No real links here, but most of the wines came from one Australian producer, Trever Jones. To fill out the list, there were three wines from Marquis Philips, also Australian. All of the info on the Trever Jones wines can be found here, and I came across a page with brief reviews of the Marquis Philips.

Trever Jones was there to promote his wines, and was an incredibly nice chap. Ruddy complexion, big handlebar moustache, and the thick, calloused hands of a farmer who actually gets his hands dirty. I got to sit with him for a spell while trying the wines, and learned a good bit about Australian winemaking. He hails from the Barossa Valley in South Australia.

Wine 1: 2004 Marquis Philips Holly's Blend. 100% Verdelho, this was a great little wine. Great fruit flavors, and a good sipper for the summer. This is an interesting grape, and a good change of pace from Chardonnay or some of the other big whites. Great bargain, too. $10.
Wine 2: 2004 Trevor Jones Boots White. A blend of Muscat and Riesling, this isn't as sweet as you'd expect, though it's not dry either. I had mixed feelings about this wine, but I know a lot of people who would love it. Might be fun with spicy Asian food. $13.
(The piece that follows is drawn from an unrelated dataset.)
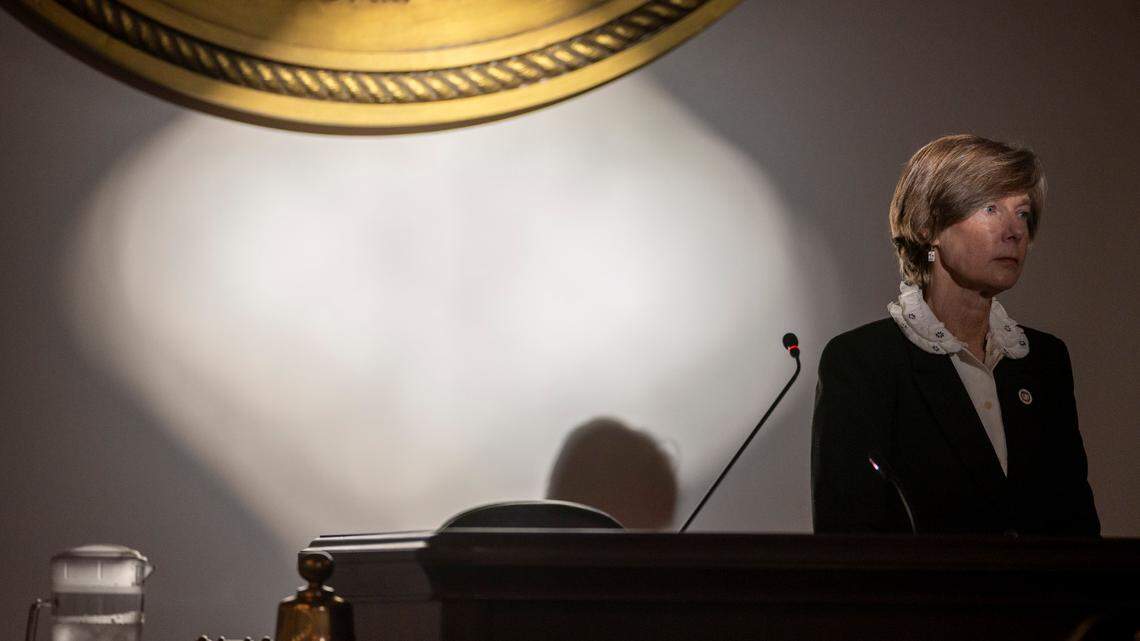 As debate of the budget moves into the evening hours, the setting sun illuminates North Carolina Lt. Governor Rachel Hunt as she presides over the Senate session on Wednesday, April 16, 2025 at the General Assembly in Raleigh, N.C.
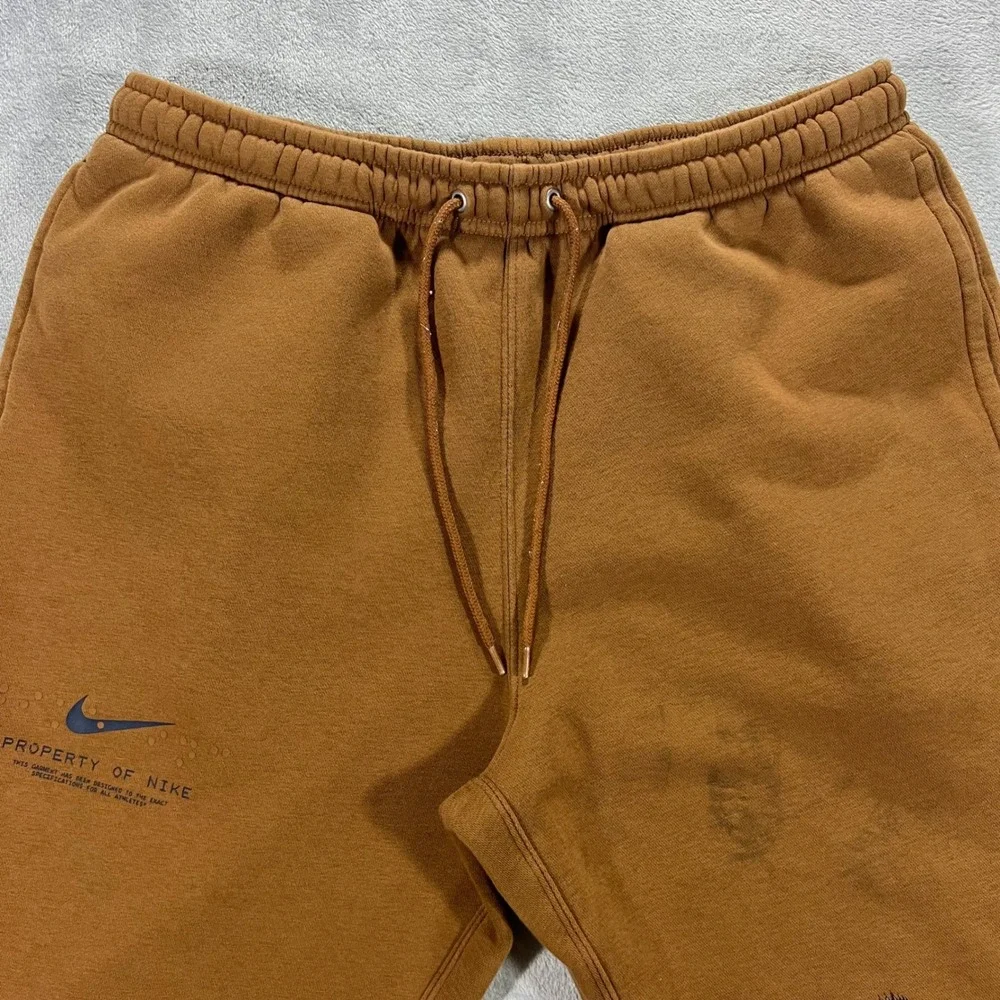 NIKE‎ Sportswear Club Cuffed Fleece Pants Mens Large Brown IM7828-235 Graphic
Wine 3: 2003 Trevor Jones Virgin Chardonnay. I'd never heard of "Virgin" Chardonnay, and the guy pouring the wine didn't know what it was either. This is the best thing about having the winemaker right there. "Hey Trevor, what's Virgin Chardonnay?" His explanation: it's 100% pure Chardonnay, made without oak. But putting "unoaked" or "no oak" on a bottle would sound cheap, so he started calling it Virgin. This wine had good fruit, a soft feel in the mouth, and low acids. While I love unoaked Chardonnay, you can get much better deals from Burgundy. $20.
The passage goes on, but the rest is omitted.